**Work required**
Starting at the line that contains "Used SAIC MAXUS", print each line exactly through the end of the listing. Skip any pictures and add nothing.

**Supplied information**
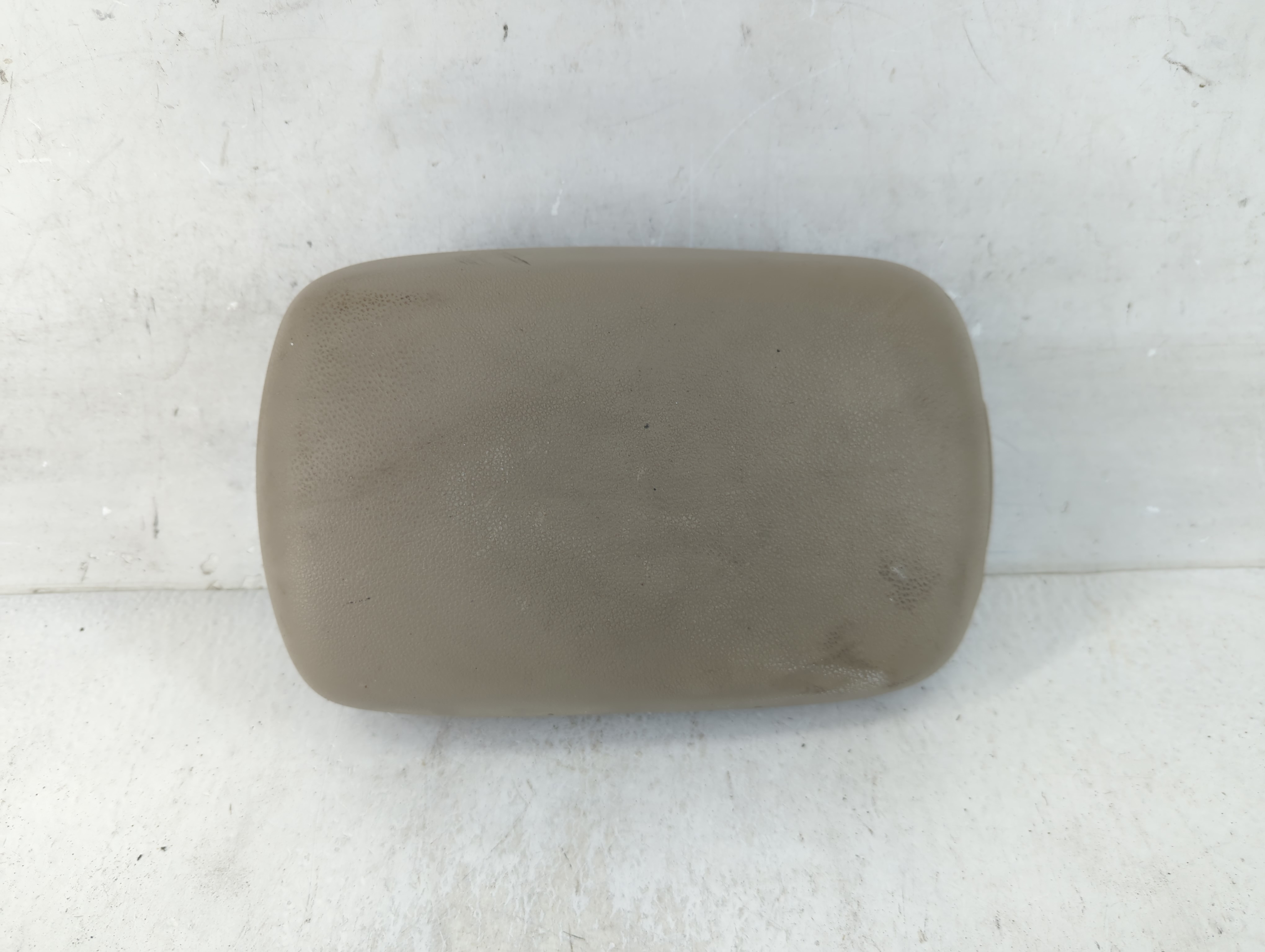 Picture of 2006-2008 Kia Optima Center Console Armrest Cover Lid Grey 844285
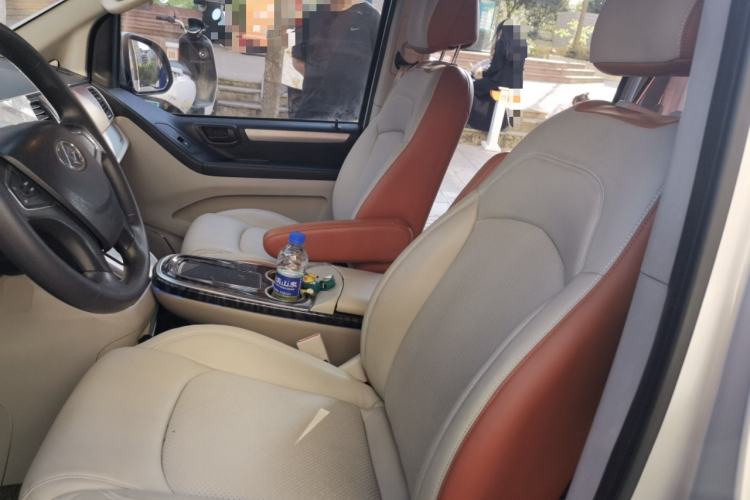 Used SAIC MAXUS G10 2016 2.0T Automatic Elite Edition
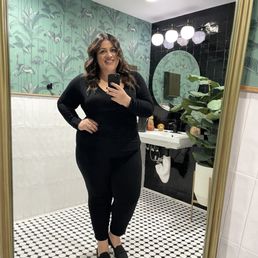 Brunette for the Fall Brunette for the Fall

**Task output**
 Used SAIC MAXUS G10 2016 2.0T Automatic Elite Edition
 Brunette for the Fall Brunette for the Fall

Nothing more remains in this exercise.